After the murder, he could pretend to discover that Rinaldo was
illegitimate, and he himself was Lodovico's direct heir."

"Just
what I would expect of a liberal," said Grimani. "They
have no religion and no respect for authority. How can they know
right from wrong?"

"With
respect, Signor Commissario," said Julian, "I think Carlo's
much-vaunted liberal ideals are a consequence of his ruthlessness,
not a cause. He threw in his lot with the French because he saw it
as the best means of advancement. After the French were driven out,
he had nothing to gain by forswearing liberalism. He was so heavily
compromised in the Austrians' eyes that they would never have
restored him to government office. He might as well at least keep
the character of a man of principle. But it galled him unspeakably
that his brother was at the pinnacle of wealth and power, while his
own star had set, and he had nothing in the world but debts and
memories. He once spoke to me of the Wheel of Fortune. When Guido
came to him with the story of Lodovico's first marriage, it must have
seemed to him that Fate was letting him give the Wheel a turn,
bringing himself to the top again, and his brother to the bottom.

"But
there was one gaping flaw in this theory I'd devised: four and a half
years went by, and Carlo never revealed that Lodovico's marriage to
Isotta was invalid. He might have discovered too late that he
couldn't prove it, but I couldn't credit that. He wouldn't have
taken the risk of killing his brother unless he was confident of the
gain. So it must be that after Lodovico's death he learned something
that dished his scheme.

"I
went back to the family tree. It told me that Rinaldo had been born
in 1795, two years after Giulietta died. I remembered Valeriano's
saying that his mother believed Lodovico had set spies on her.
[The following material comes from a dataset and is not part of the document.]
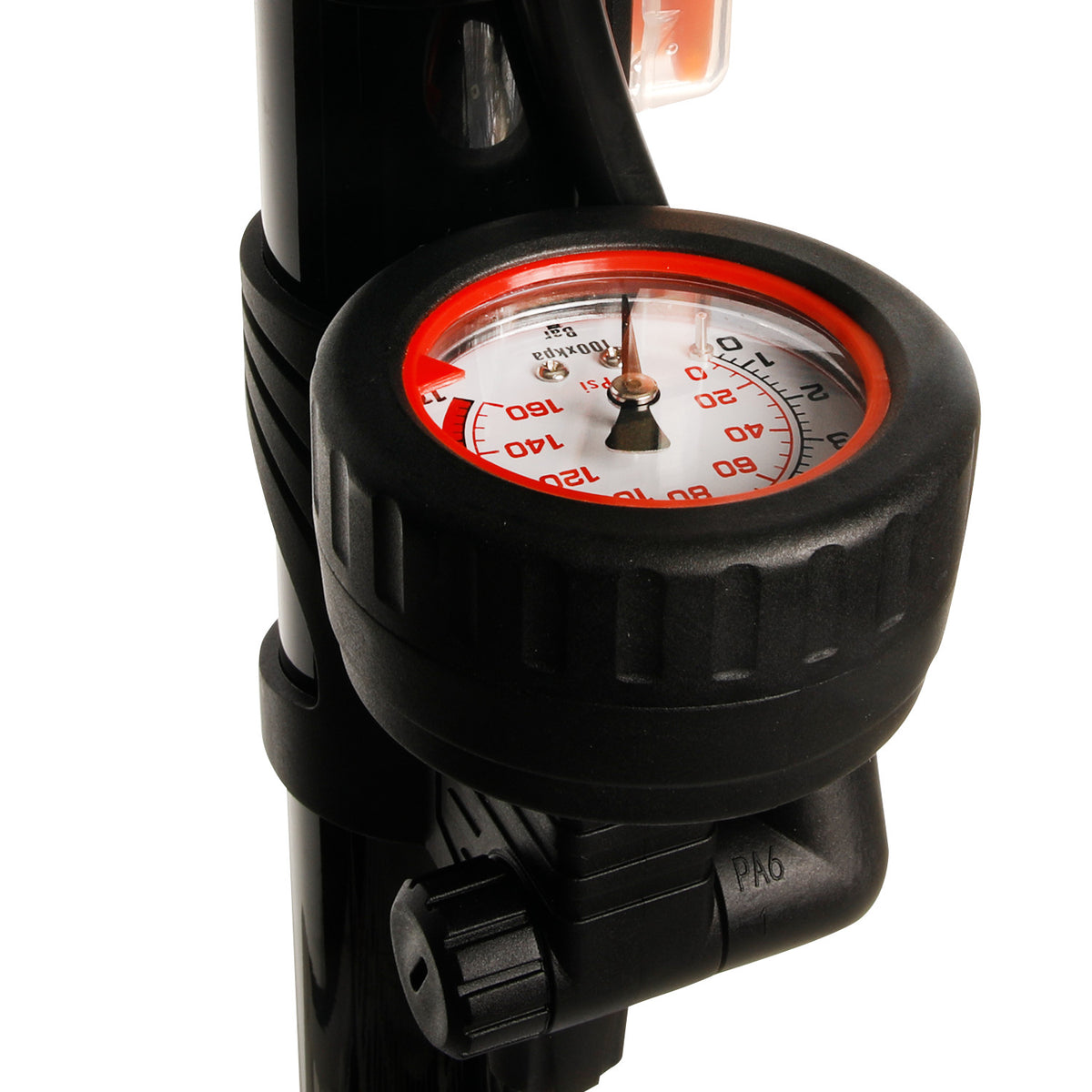 High Pressure Bicycle Floor Pump 160 PSI with Gauge for Road MTB Tires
That

might
not have been all her fancy: Lodovico might have been hoping to hear
of her death so that he could make his union with Isotta legal by the
simple expedient of marrying her again.

"He
would have wanted to keep that second marriage a secret, but still,
he would surely have left some evidence of it, in case Rinaldo's
legitimacy was ever called in question. The best repository would be
the family lawyer, Palmieri. What was more, if Palmieri knew of the
second marriage to Isotta, it could have been he who revealed it to
Carlo. Carlo was Lodovico's executor: what more natural than that
Palmieri should have discussed intimate family business with him
after Lodovico's death?

"Carlo
would have had no choice but to swallow his losses and keep the
secret of Lodovico's marriage to Giulietta. He only renewed his
project of inheriting the family estate when chance presented him
with a golden opportunity to kill Rinaldo. That explains the long
gap between the two crimes, which I had initially thought made Carlo
an unlikely suspect, at least if the motive were pecuniary.

"We
may not ever know precisely how Rinaldo's murder came about. But
this is what I should guess: Carlo was wakeful that night and came
out of his room. He happened to look out of a south-facing window
probably the one at the end of the hallway and saw Francesca climbing
down from the balcony. He guessed that Rinaldo must have locked her
in with him. Moreover, Rinaldo must be deeply asleep, else Francesca
wouldn't have been able to escape. So he coldbloodedly killed
Rinaldo and did all he could to pin the crime on Francesca, knowing
that if she were found guilty, her son, Niccolo the only person who
stood between him and the title would fall neatly into his hands."

"Thank
God you warned me not to bring my children here!" Francesca
exclaimed.

"I
could hardly credit that Carlo would be so rash as to strike at
Niccolo so soon after Rinaldo's murder," said Julian. "But
how could I take that chance? As it turned out, your sending me to
see the children gave me the perfect opportunity to speak with
Palmieri. Unfortunately, Carlo learned of my intent." Julian
saw no need to reveal how this had come about, for which Nina looked
at him gratefully. "Give Carlo his due: he excels at devising
schemes on short notice. By the time I returned with the information
I'd sought, he had laid a trap that nearly finished me."